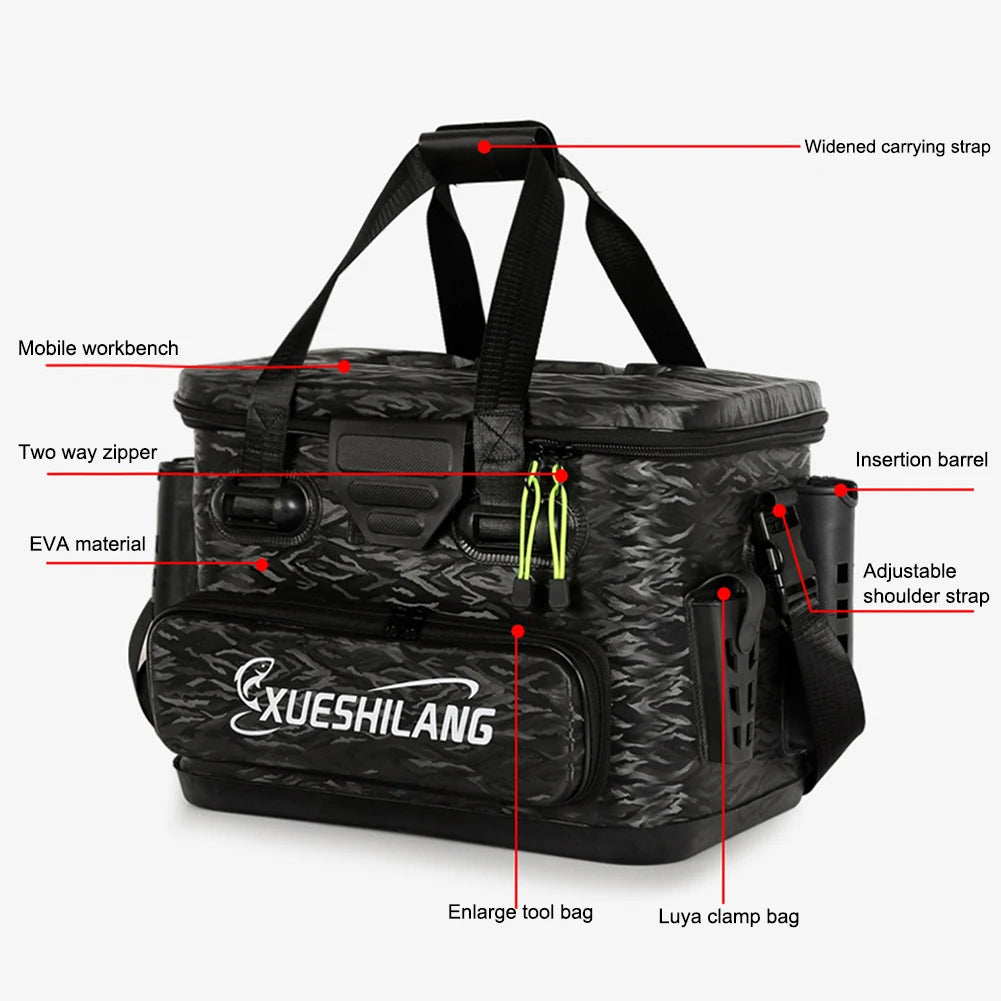 Large Tackle Box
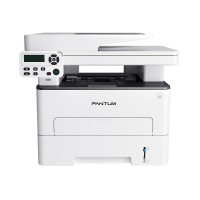 Pantum M7108DW/RU МФУ P/C/S, Mono laser, А4, 33 ppm, 1200x1200 dpi, 256 MB RAM, PCL/PS, Duplex, ADF50, paper tray 250 pages, USB, LAN, WiFi, start. cartridge 6000 pages 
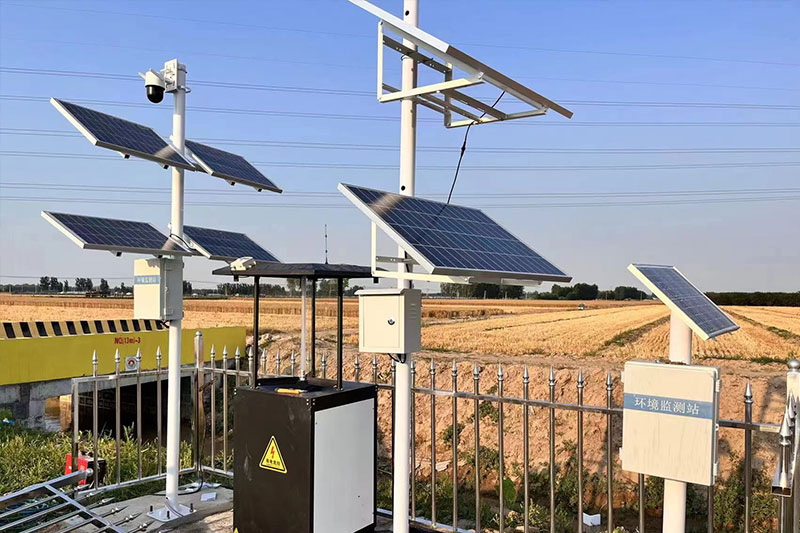 农业四情监测系统案例实拍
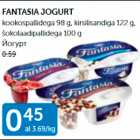 FANTASIA JOGURT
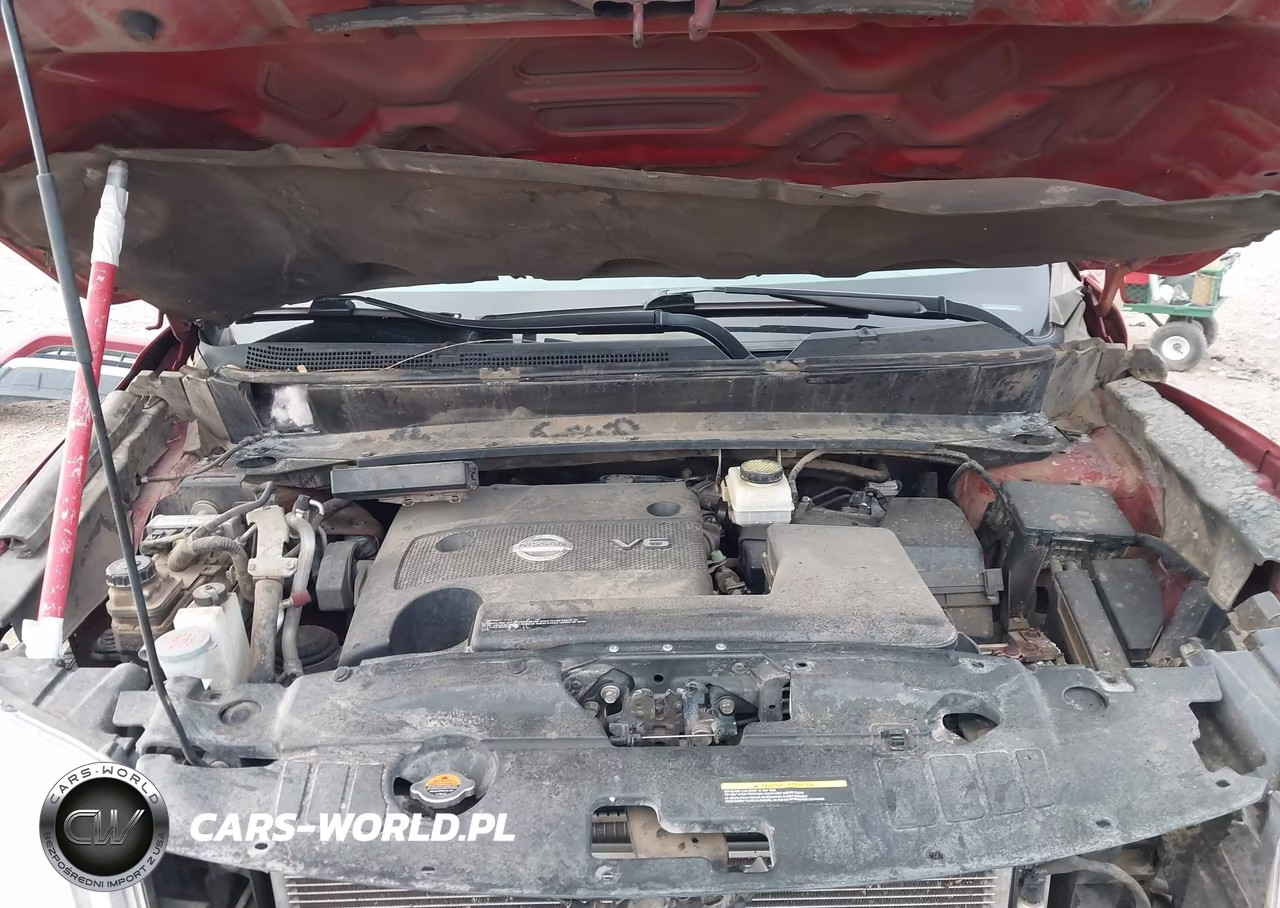 2013 Nissan Pathfinder S VIN:5N1AR2MN6DC643366 - 10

**TASK**. The lines to copy begin at the one containing "Pantum M7108DW/RU МФУ" and end at the last line of the records. Set down exactly those lines and no others, both ends included, and omit all pictures.

**SOLUTION TO THE EXERCISE**.
 Pantum M7108DW/RU МФУ P/C/S, Mono laser, А4, 33 ppm, 1200x1200 dpi, 256 MB RAM, PCL/PS, Duplex, ADF50, paper tray 250 pages, USB, LAN, WiFi, start. cartridge 6000 pages 
 农业四情监测系统案例实拍
 FANTASIA JOGURT
 2013 Nissan Pathfinder S VIN:5N1AR2MN6DC643366 - 10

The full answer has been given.